When it came time to flesh out the wood details of the home, Matt looked to an existing timber-framed pavilion by the pond for inspiration. “They wanted the truss features
of the home to match that structure,” he explains. Outside, timber details abound, starting with the porte-cochère that welcomes visitors and continuing in the wrap-around covered deck that invites them to linger long enough to catch a glimpse of local wildlife. Inside, trusses span from the front door to the rear window wall, while timber posts anchor the space, structurally and visually. “We used darker stain at the bottom of the timbers, and then as you get into the tongue-and-groove, the stain gets lighter, with the lightest wood being in the cathedral ceilings,” explains Judy. Other wood elements include red oak flooring, knotty alder trim and cabinetry and pine doors.

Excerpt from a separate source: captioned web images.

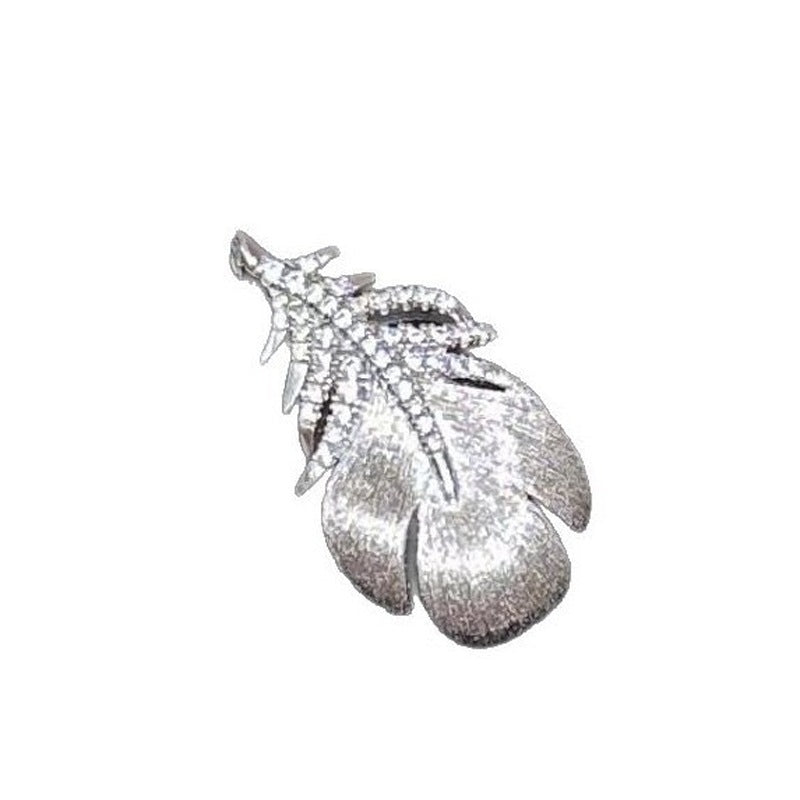 Broche de moda con forma de pluma en cobre chapado en oro con incrustaciones de circonita para mujer, elegante accesorio para la oficina
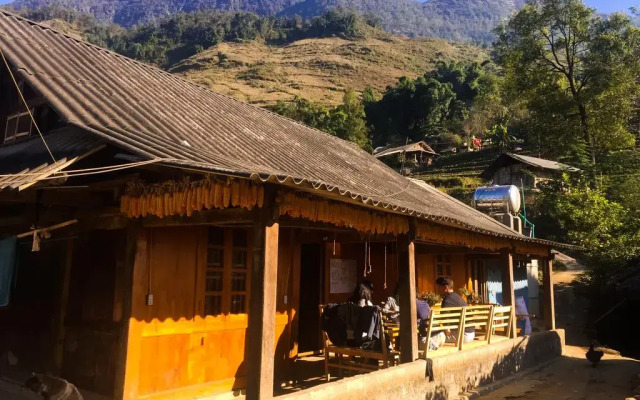 Отель MeKhoo & Zizi Sapa Homestay вид на фасад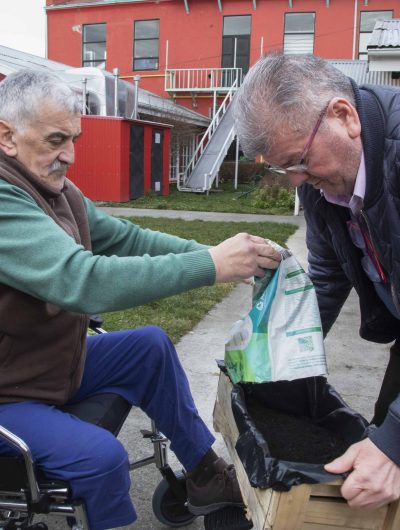 Estudiantes de Agronomía impulsan voluntariado en beneficio de personas mayores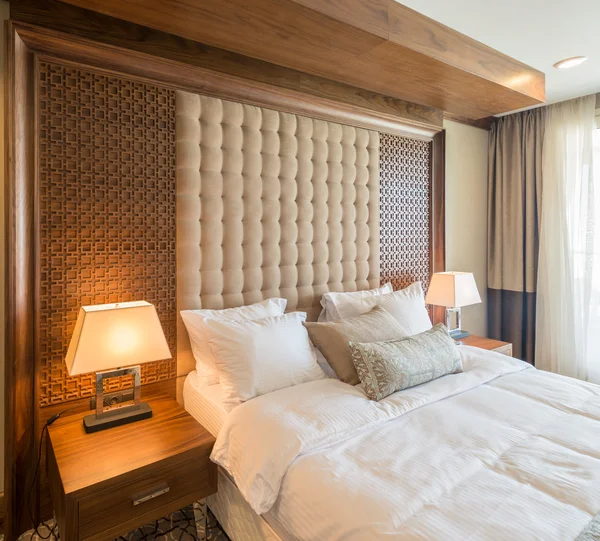 Habitación de hotel moderna con cama grande —  Fotos de Stock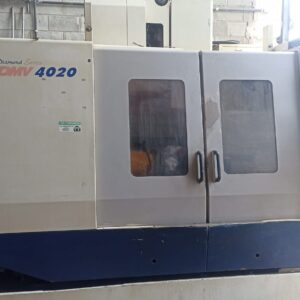 Centro de Usinagem CNC Doosan Daewoo DMV 4020 – Ano 2004 – FANUC
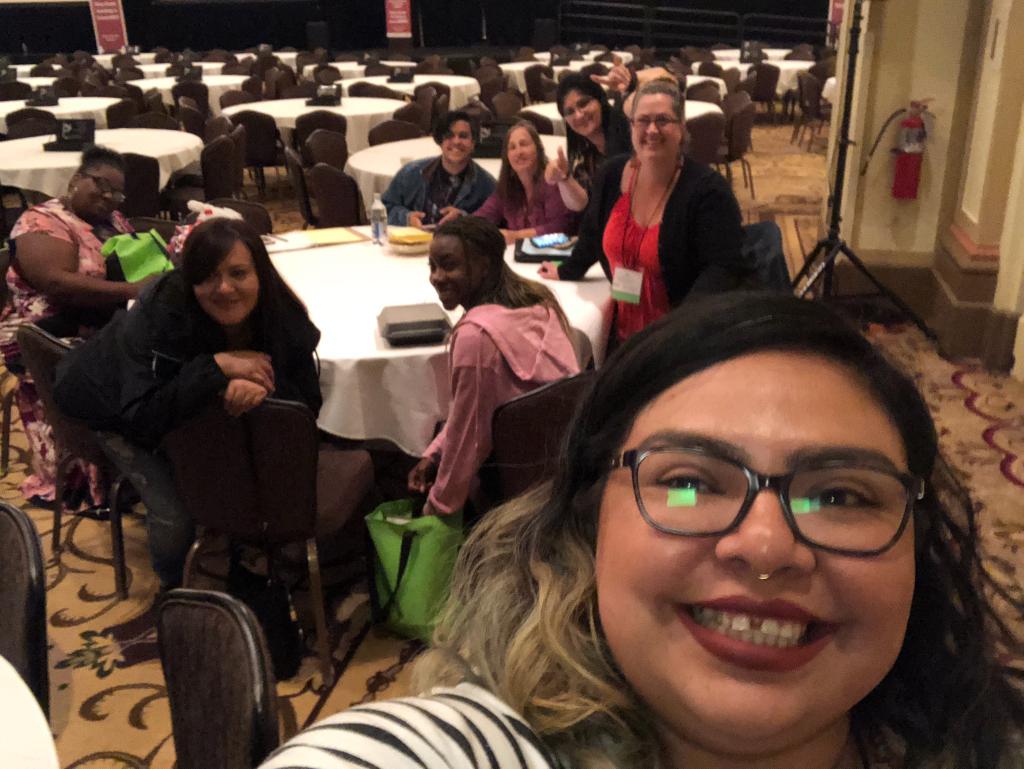 Mutual_Matters's tweet photo. #GroupSelfie time for @Mutual_Matters @neighborworks #ChicagoCLI team. Taking a quick break together to reflect on a full day of learning and growing their leadership skills. #LeadershipDevelopment https://t.co/cdVFMUmDz3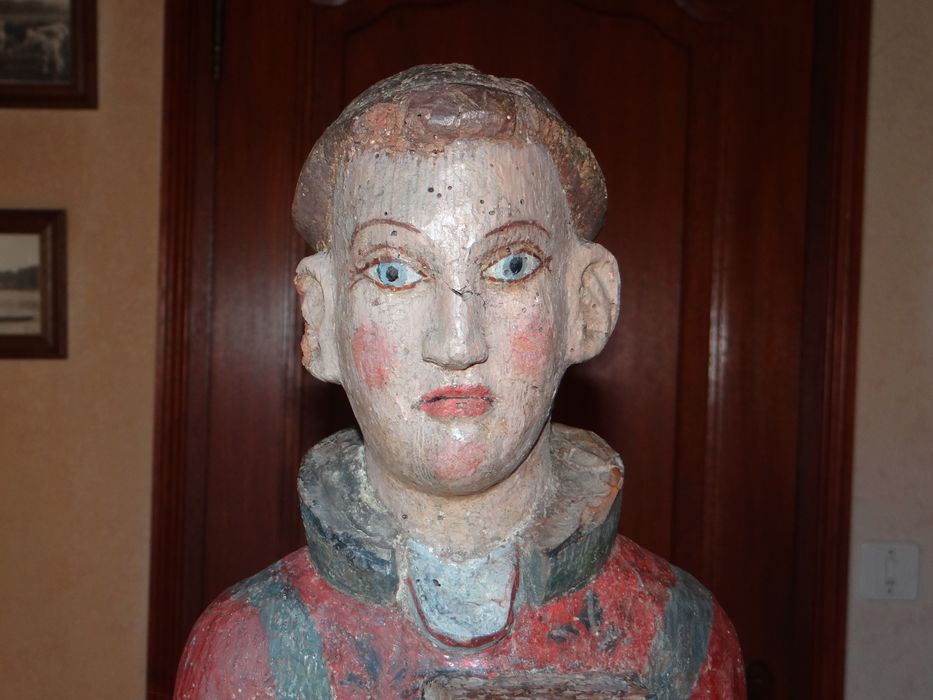 statue : Saint Benoît ou saint Étienne, détail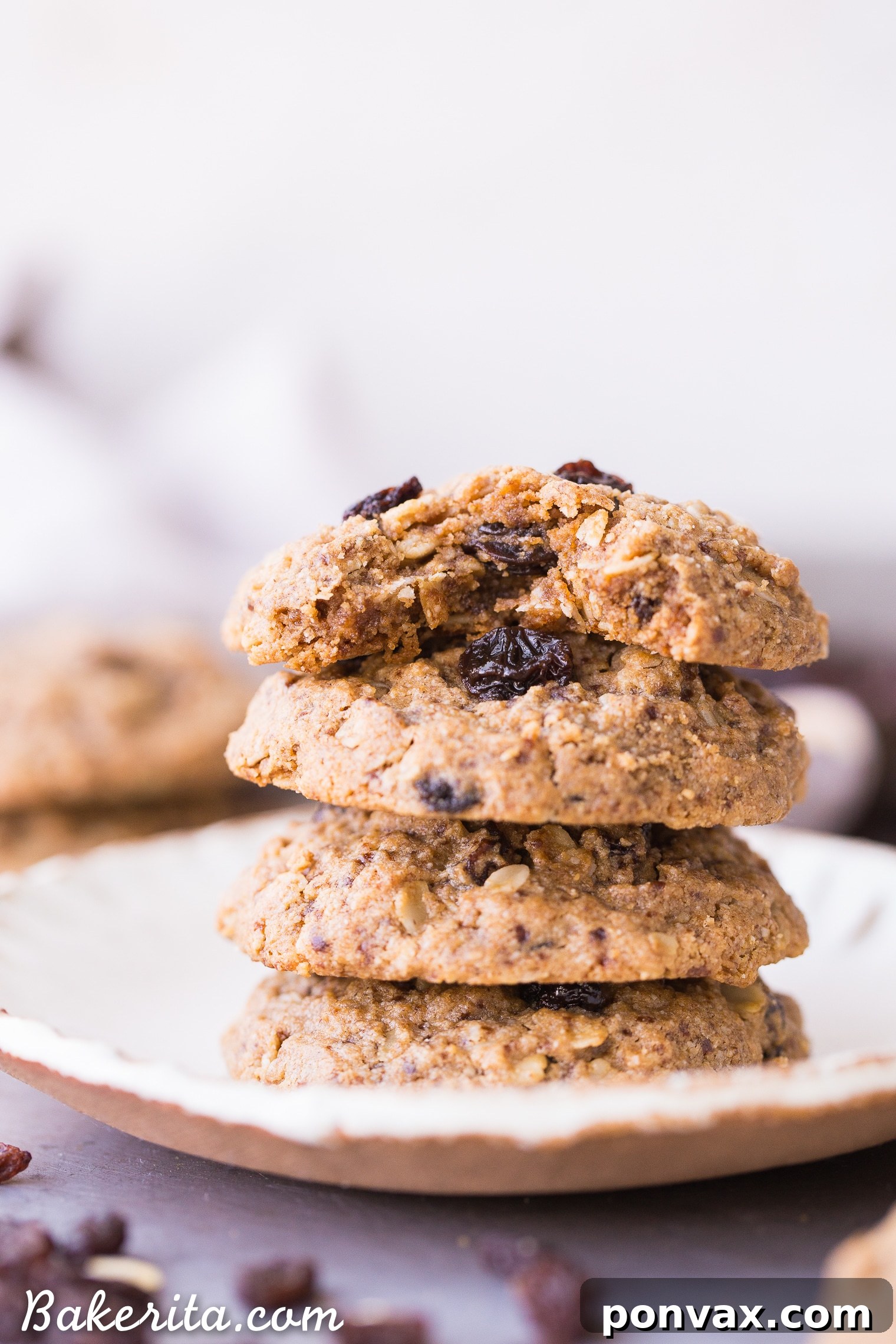 Guilt-Free Oatmeal Raisin Bliss 3 These Peanut Butter Oatmeal Raisin Cookies are the best oatmeal raisin cookies I've ever had! They're incredibly soft and chewy, with crispy edges and MAJOR peanut butter flavor. You won't believe they're gluten-free, refined sugar-free and vegan.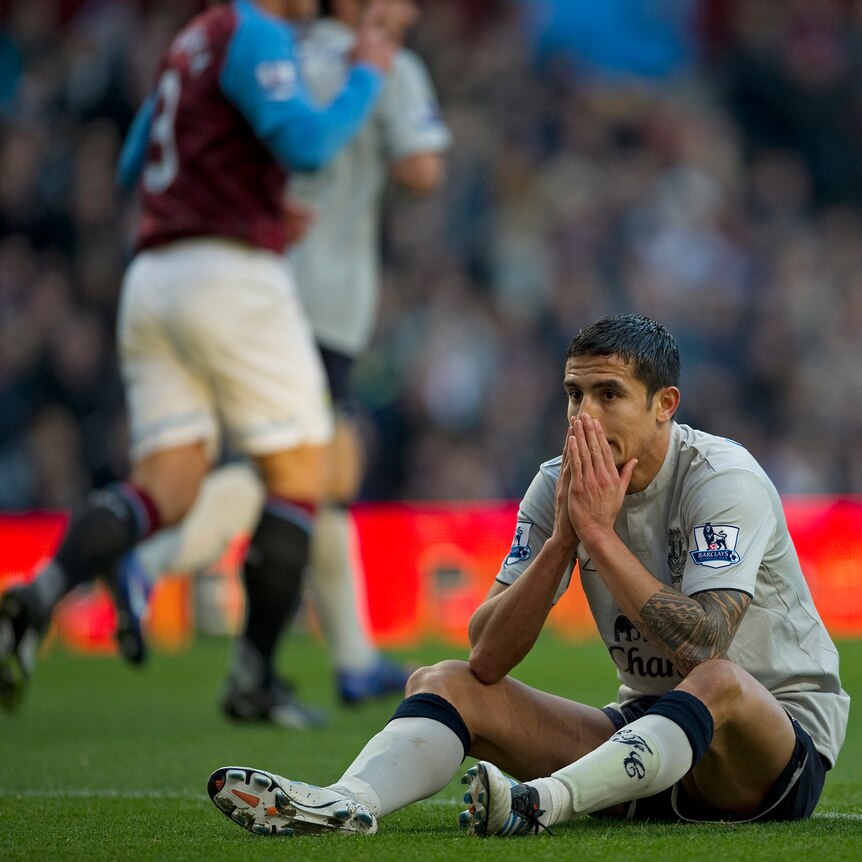 Tim Cahill missed a good chance to score for Everton as the Toffees drew with Aston Villa.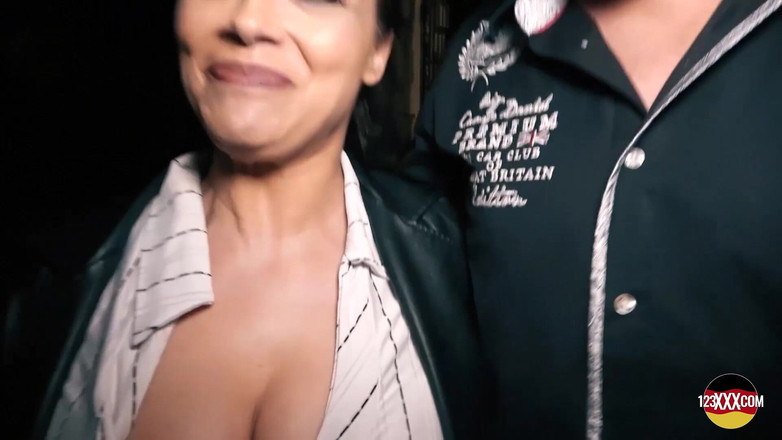 123XXX - 100% Amateurs: MILF berambut coklat dalam coklat seksi dikongkek pepeknya dengan keras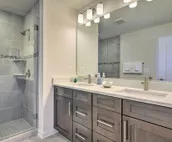 Bishop's Landing Townhome w/ Pool & Beach Shuttle!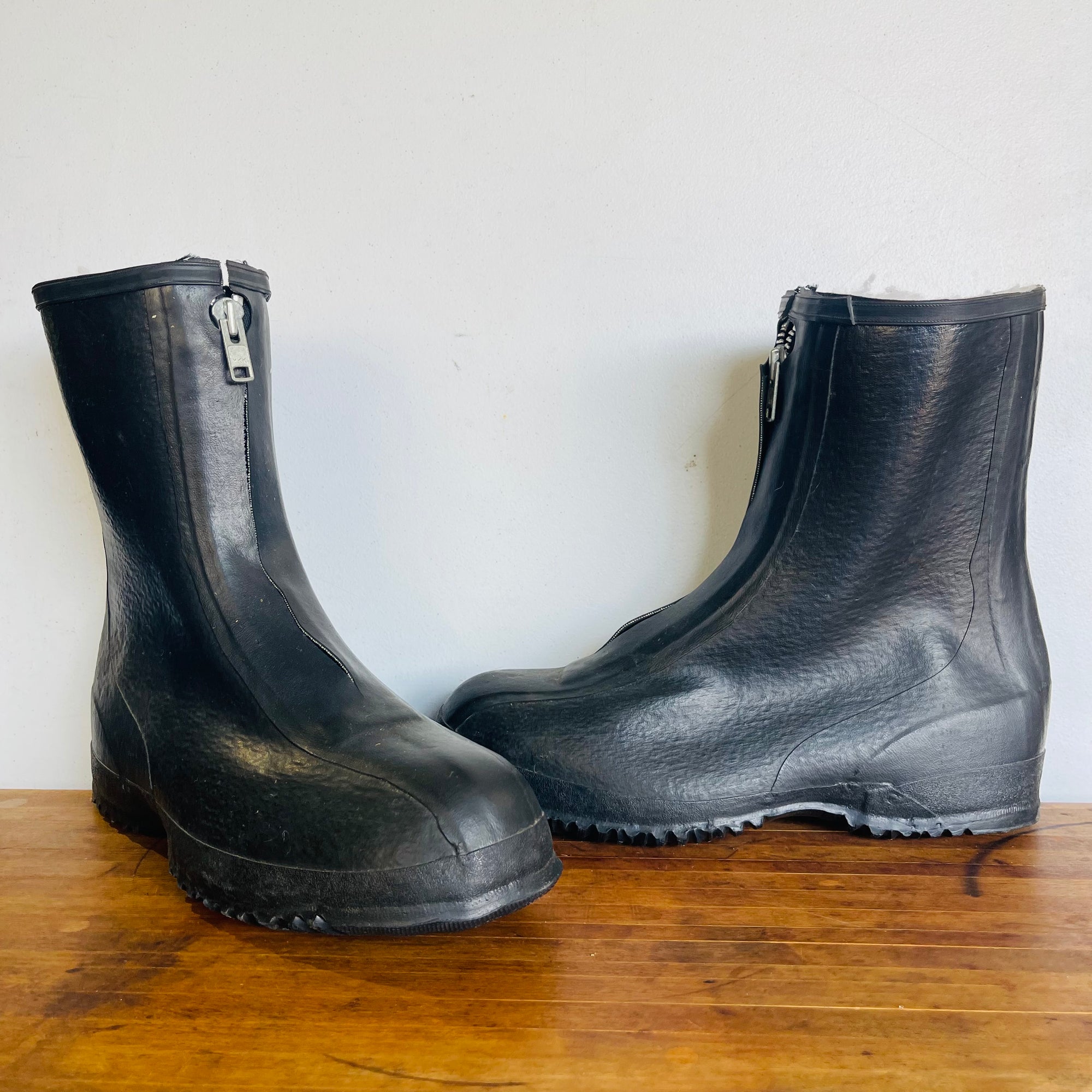 Men’s Lacrosse Black Boots Size 12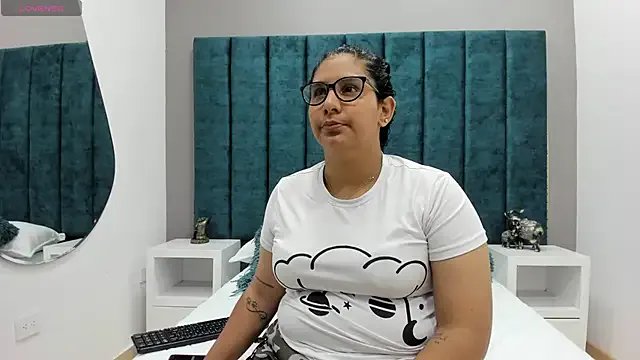 DanielleEvans_ — plug anal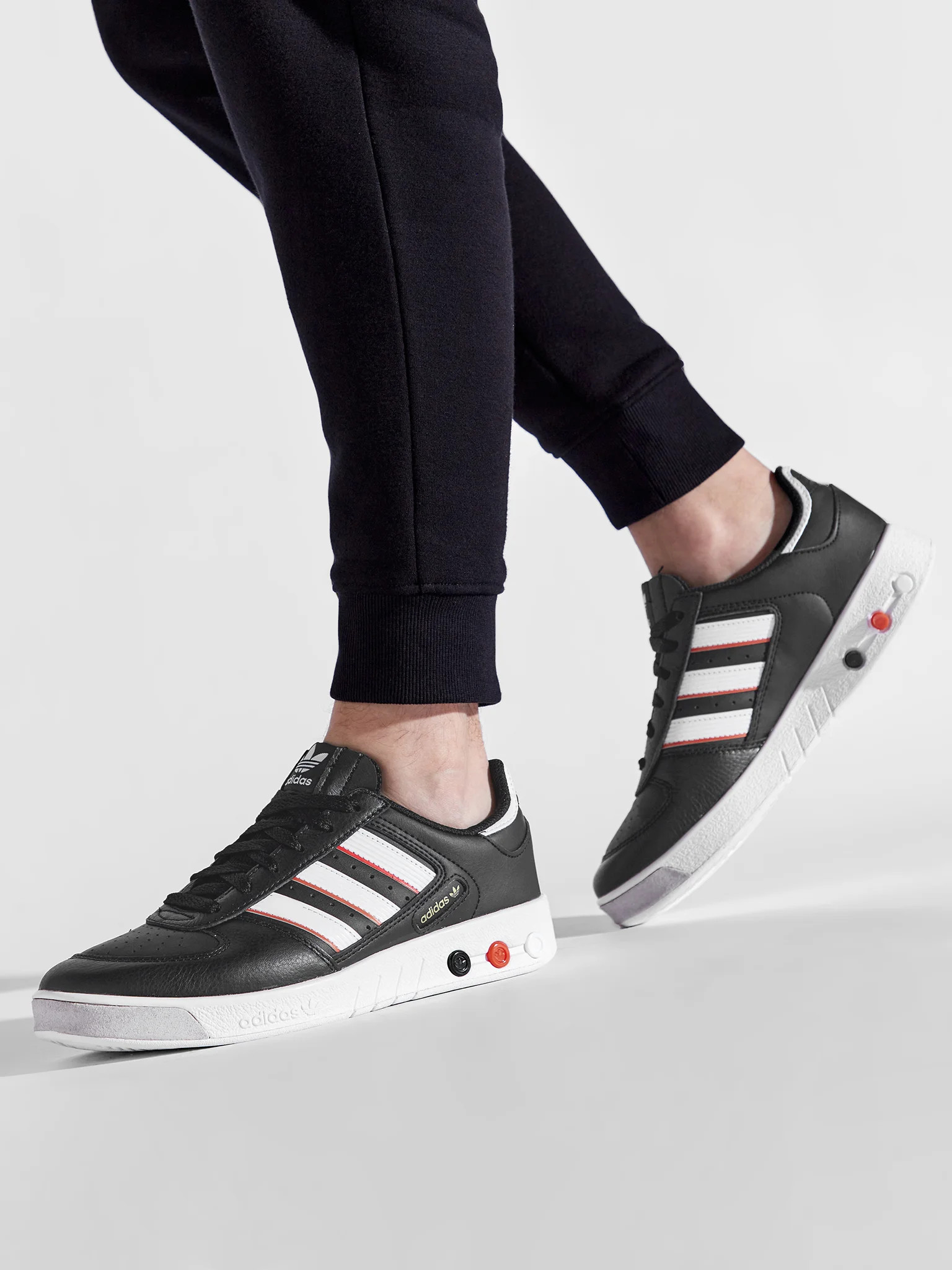 Кросівки чоловічі Adidas Originals Court GX7029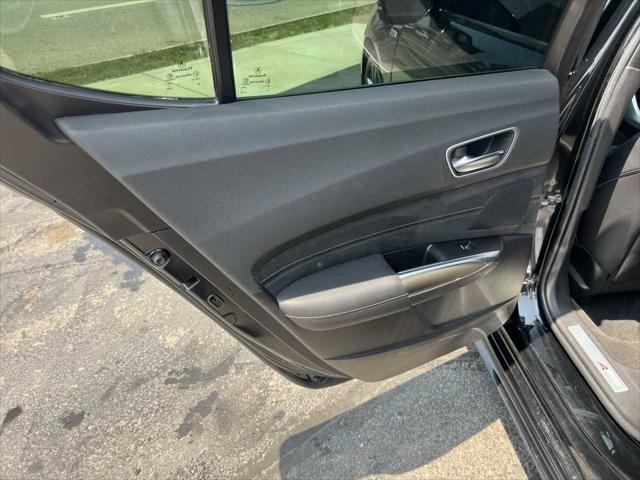 Photo of 2019 Crystal Black Pearl Acura TLX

While it’s fair to attribute the home’s aesthetic warmth, in part, to the timber frame and wood features, it’s the family’s building philosophy that ultimately created an inviting home that embodies hygge — a Scandinavian concept that centers around comfort. “More than anything, we want the home to function as a welcoming gathering place that allows people to feel comfortable,” says Judy.
The home has fulfilled those hopes time and again, giving the Allen family a place to sink in comfort. And perhaps tapping into that deeply held desire to belong is what best explains how a simple timber home in central Oklahoma has risen to the top of the family’s “favorites places in the world list.”
“There’s no doubt that this is where we are supposed to be, and we couldn’t be happier about that,” says Judy. Turns out, there really is no place like home.